KUsports.com recruiting insider Matt Scott, shortly after Hampton officially reclassified from the 2020 class into 2019, said, “Hampton is considered to be one of the best guards out of high school in a number of years. Although he’s a natural scorer, he can play either guard position and if he were to choose Kansas, the Jayhawks’ national title chances for the 2019-20 season would be getting a significant boost.”
Depending on what happens later this week with the three Jayhawks considering staying in the 2019 draft pool — Dedric Lawson, Devon Dotson and Quentin Grimes — KU’s coaching staff still has room to sign both Hampton and Wilson.

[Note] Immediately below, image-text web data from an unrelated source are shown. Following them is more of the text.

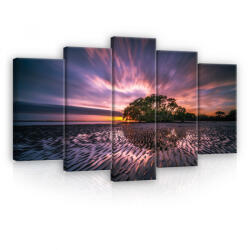 Consalnet Vászonkép 5 darabos, Lápos vidék a hajnali derengésben 100x60 cm méretben (C5-12372S17)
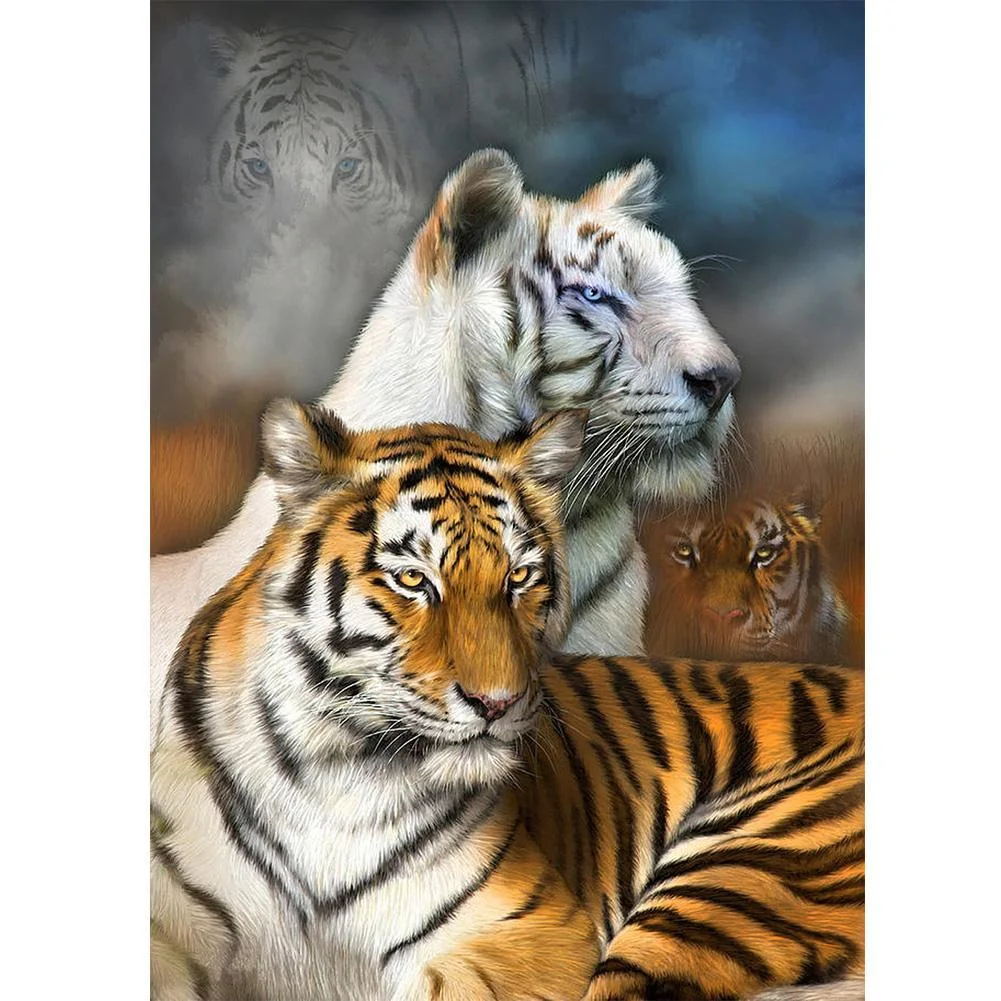 Diamond Painting - Full Round Drill - Tigers(40*30cm)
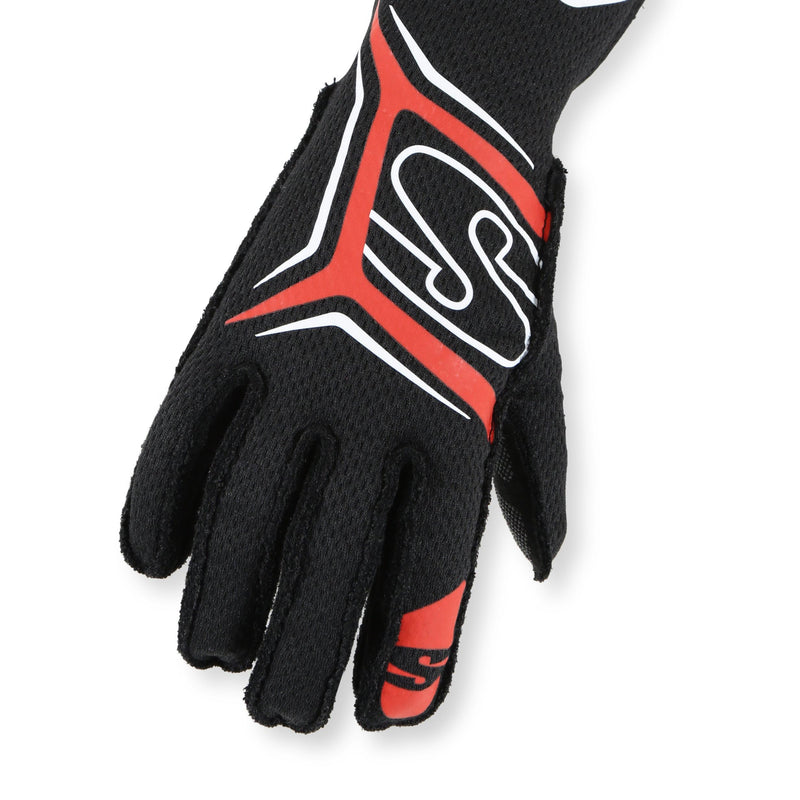 MGMR Simpson Racing Magnata Gloves Black/Red Medium - Pair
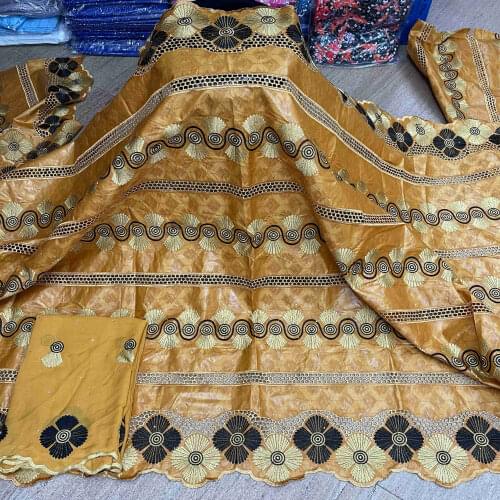 2021 New arrival African Bazin riche Getznars Fabric with Stones Embroidery French Basin Riche Nigerian Material Wedding Party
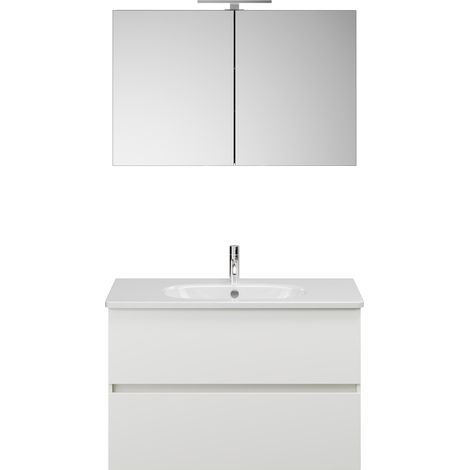 Burg Rocio Badmöbelset SGYQ100 TxBxH 465x1005x2000, weiß matt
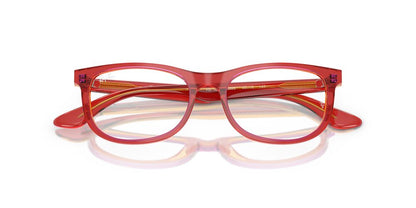 Lentes Oftálmicos Ray-Ban Jr RY1642 Rojo Transparente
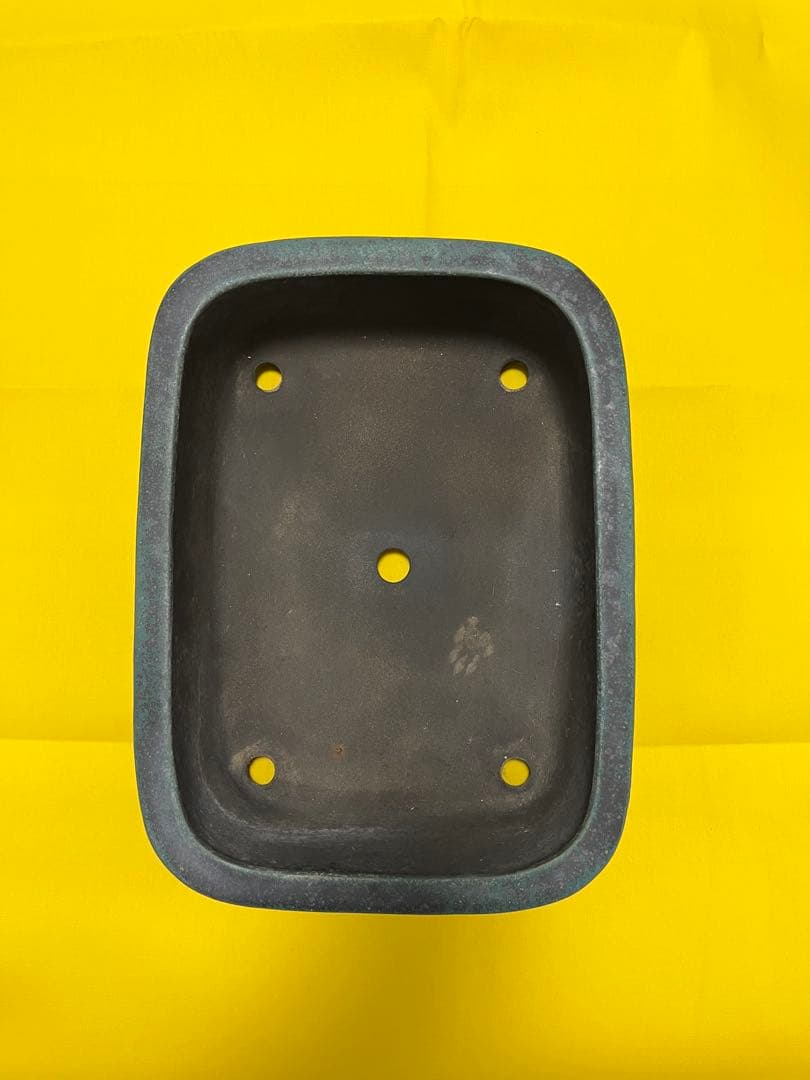 鴻陽鉢　和鉢　長方鉢　盆栽鉢　相羽鴻陽作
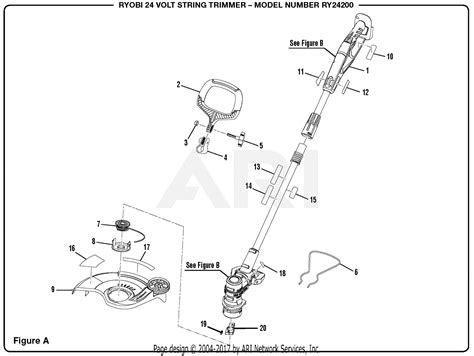 Homelite Ry Volt String Trimmer Parts Diagram For Figure A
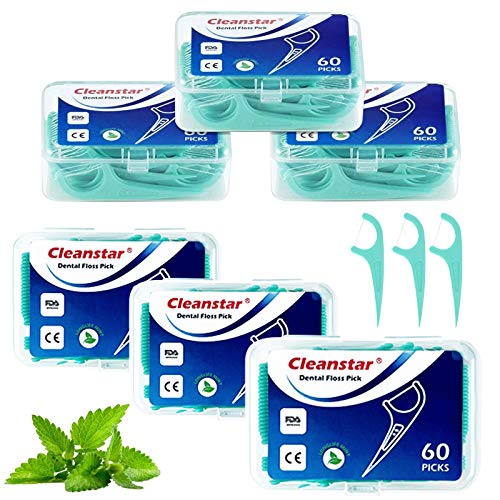 360 Pz. Filo Interdentale In 400D Uhmwpe Sapore Di Menta Leggera Piperita Con Scatola Di Conservazione Flossper Denti Orale Cura Denti E Salute Igiene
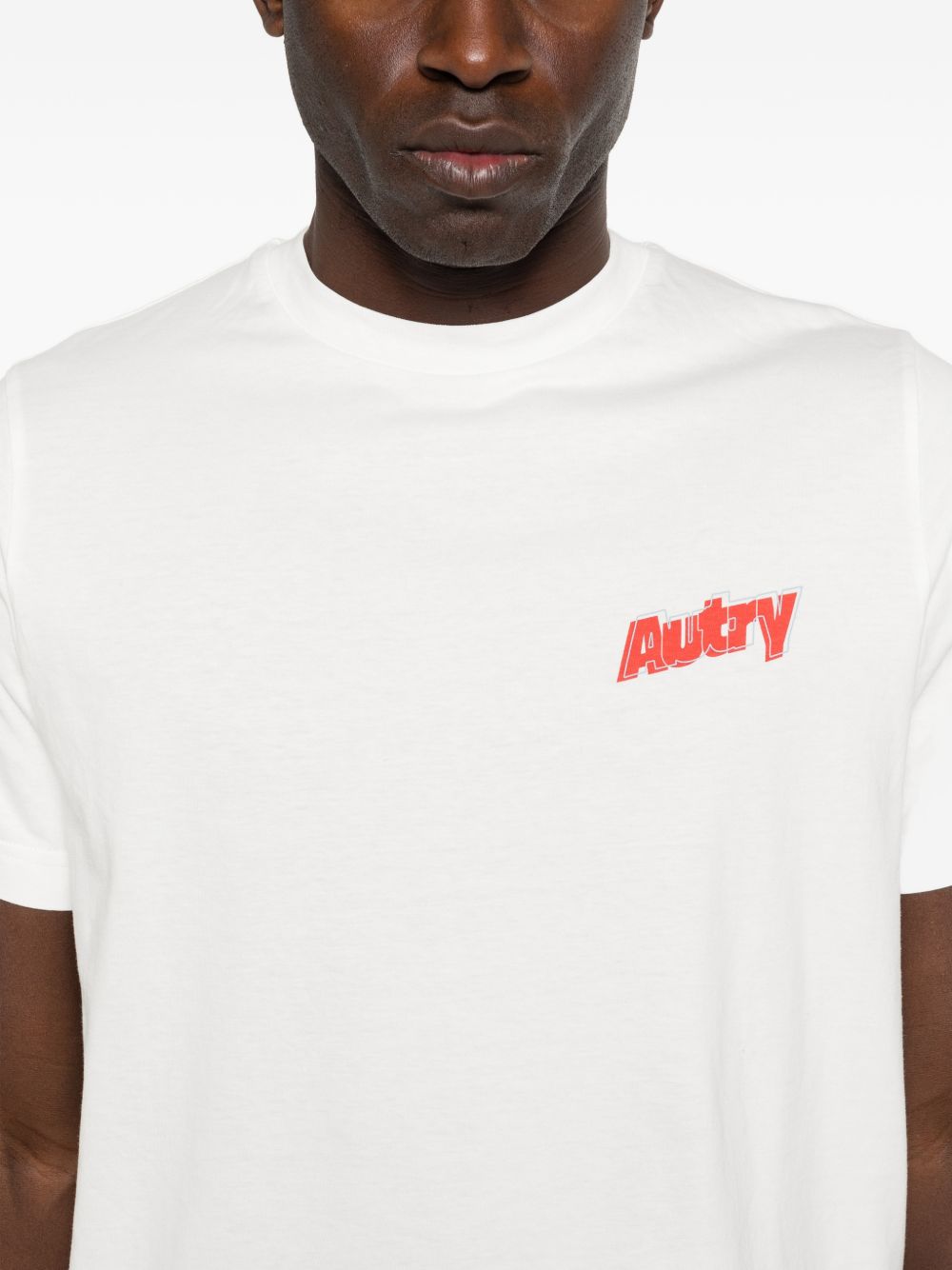 t-shirt logo uomo bianca 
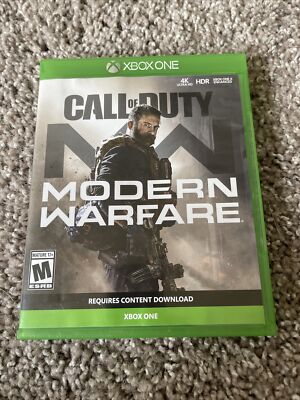 Call of Duty: Modern Warfare (Microsoft Xbox One, 2019) Tested Working
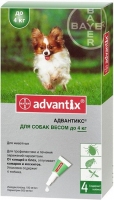 Advantix для собак вагою до 4х кг (1шт)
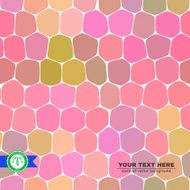 Colorful Honeycomb Seamless Background Vector N4
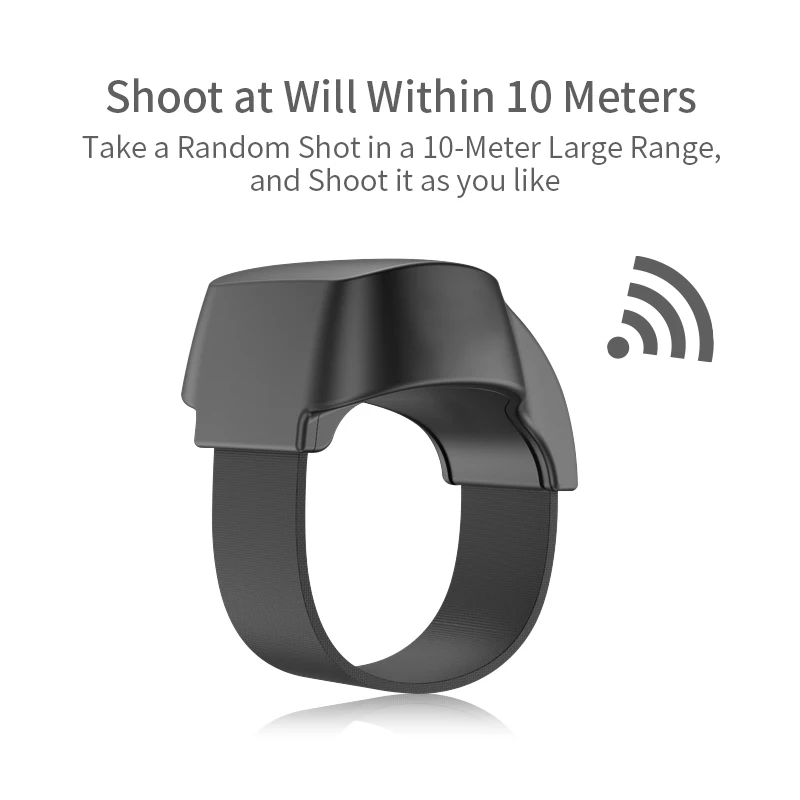 mini bluetooth v5 1 self timer remote control button wireless controller smart finger ring wearable devices for phones free global shipping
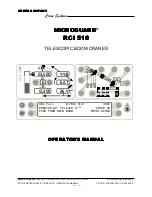 microguard RCI 510 Operator'S Manual preview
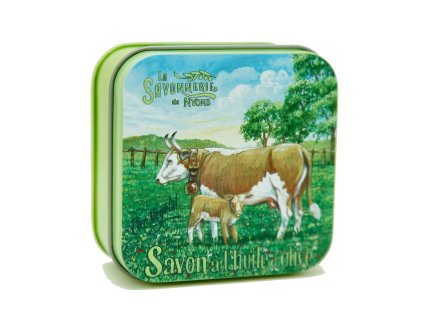 Mýdlo v plechové dóze farma - kráva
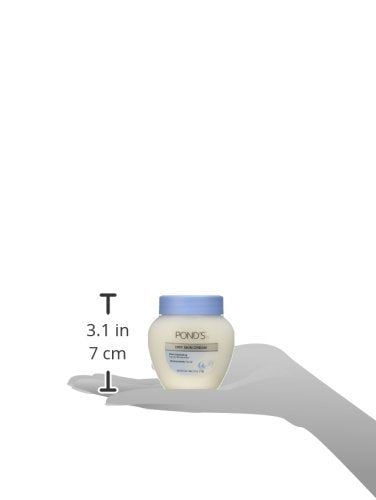 Pond's Dry Skin Cream dermatologist-tested badge signals a gentle, hypoallergenic formulation.
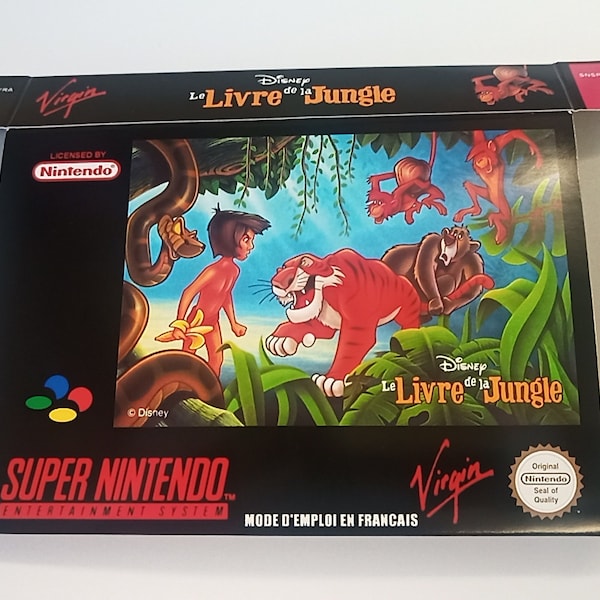 Super Nintendo Le Livre de la Jungle Box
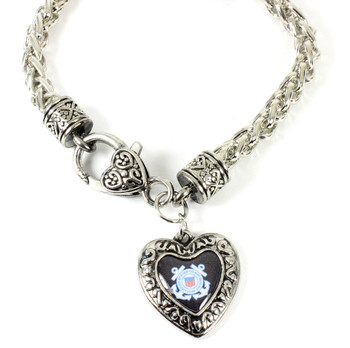 Coast Guard Charmed Heart Bracelet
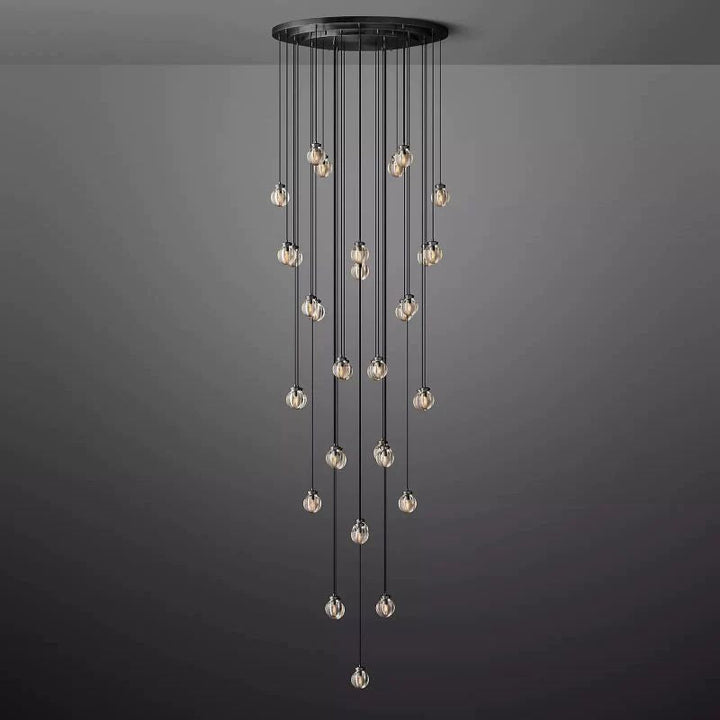 Popular Pearl Ball Round Chandelier 48"D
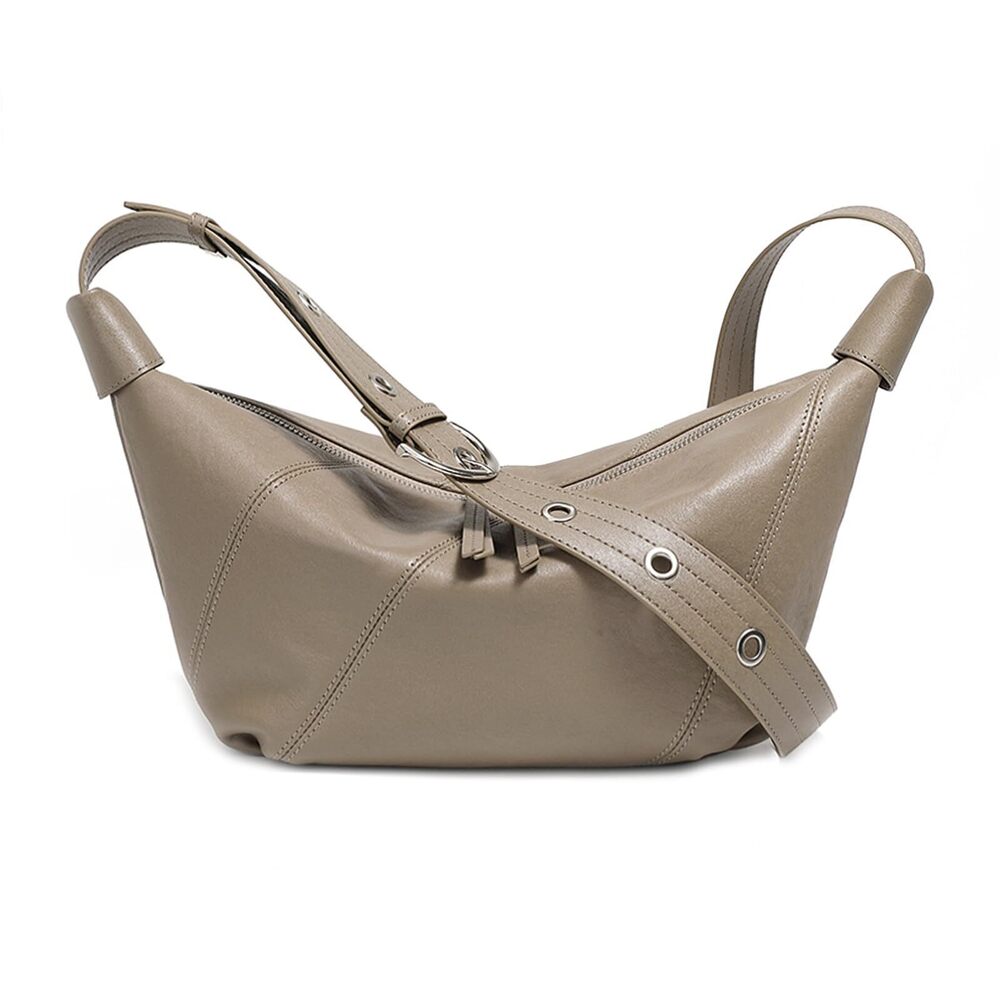 3757 Leather Hobo Bag, Crossbody Bags , Slouchy Shoulder Purse, Crescent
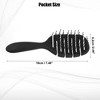 Unique Bargains Wet Hair Brush Speed Dry Hair Brush with Vented Design Vent Hair Brush for Women Men Black - 4 of 4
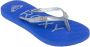 Roxy Rg Viva Sparkle Slippers Blauw Meisjes - Thumbnail 1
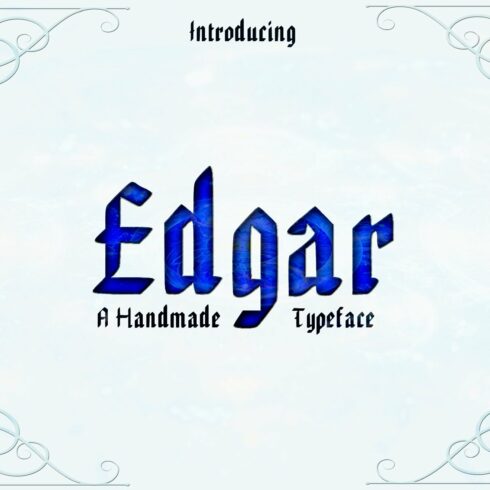 EDGAR, Handmade Gothic Typeface cover image.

Even with 4-star guards Issac McBride and Christian Braun and 4-star forward Tristan Enaruna already signed in the 2019 class, KU still has plenty of scholarships available to use in any number of ways.
Braun took the open scholarship that KU carried during the 2018-19 season and McBride took the one made available by Lagerald Vick’s graduation.
That opened the door for KU to sign up to the same number of players in the 2019 class that left from the end of the 2018-19 season.
With Charlie Moore (DePaul) and K.J. Lawson (Tulane) transferring out and Dedric Lawson expected to remain in the draft, that means KU would have three scholarships available even if Dotson and Grimes elect to return. If just one of those two starting guards came back, the number of scholarships available would increase to four.
And with Enaruna already taking one of those spots, KU has at least two more to give — ideally to Hampton and Wilson — and potentially more depending on the decisions made by Dotson and Grimes.
“With Kansas waiting for NBA draft decisions from a number of players this spring, it left the coaching staff in a tough spot with regard to the 2019 recruiting class,” Scott said Monday. “Once it appeared that a number of those players, like Udoka (Azubuike) and Silvio (De Sousa), would be back at Kansas, it became more clear what the needs were in the 2019 class. The NBA’s deadline date is not recruiting friendly, but if they land Hampton, and/or Wilson, Coach Self and his staff will have proven that putting together a highly touted class even late in the process can be done.”
Regardless of who comes in, who pulls out of the draft and who already was returning, the Jayhawks appear to have a Top 5 team heading into the 2019-20 season, one with great depth and versatility both in the front court and at guard.
That’s true even without Hampton or Wilson. Adding the two Texans would merely add to the Jayhawks’ riches and represent the latest in yet another strong spring finish for Self on the recruiting trail.
Late 5-star additions from recent years include De Sousa, who signed in August of what became his freshman season, Josh Jackson, who signed the April before his freshman season, Cheick Diallo, who signed two days before the calendar turned to May before his freshman season, Svi Mykhailiuk, who signed in late May before his freshman season and Andrew Wiggins, who signed with KU in mid-May before his lone season of college ball.
The addition of Hampton, a likely one-and-done prospect, would be as significant as any of those prior pick-ups.
According to the 247 Sports class calculator, adding both Hampton and Wilson would bring KU’s 2019 class score from 55.96 to 67.49 and would move KU ahead of North Carolina into the No. 8 spot in the 2019 team rankings.
Just adding Hampton would move KU from 31st to 13th with a new score of 64.77.